_Description of the task_
Write out the entire listing below exactly, with the pictures left out.

_Supplied material_
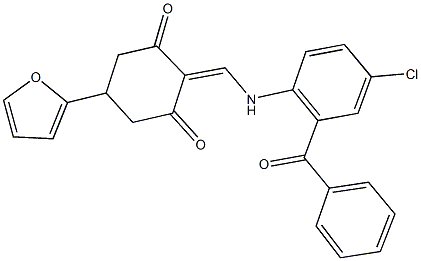 2-[(2-benzoyl-4-chloroanilino)methylene]-5-(2-furyl)-1,3-cyclohexanedione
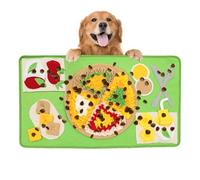 Snuffle Tapis à pizza pour chien - Feeder lent coloré pour chien | Nourriture pour animaux de compagnie qui fuient les dents Distributeur de jouets pour salon, jardin, prairie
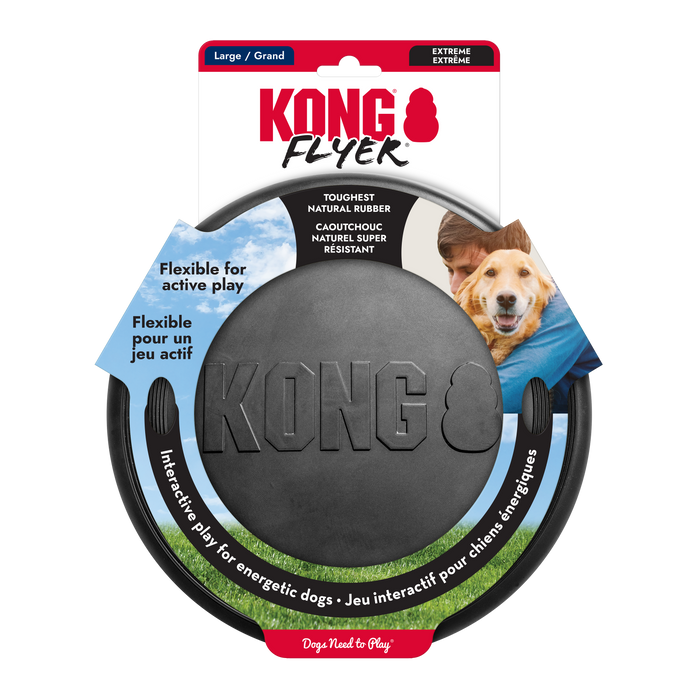 KONG Extreme Flyer Dog Toy Black LG - 1 - Image 11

_Solution to this problem_
 2-[(2-benzoyl-4-chloroanilino)methylene]-5-(2-furyl)-1,3-cyclohexanedione
 Snuffle Tapis à pizza pour chien - Feeder lent coloré pour chien | Nourriture pour animaux de compagnie qui fuient les dents Distributeur de jouets pour salon, jardin, prairie
 KONG Extreme Flyer Dog Toy Black LG - 1 - Image 11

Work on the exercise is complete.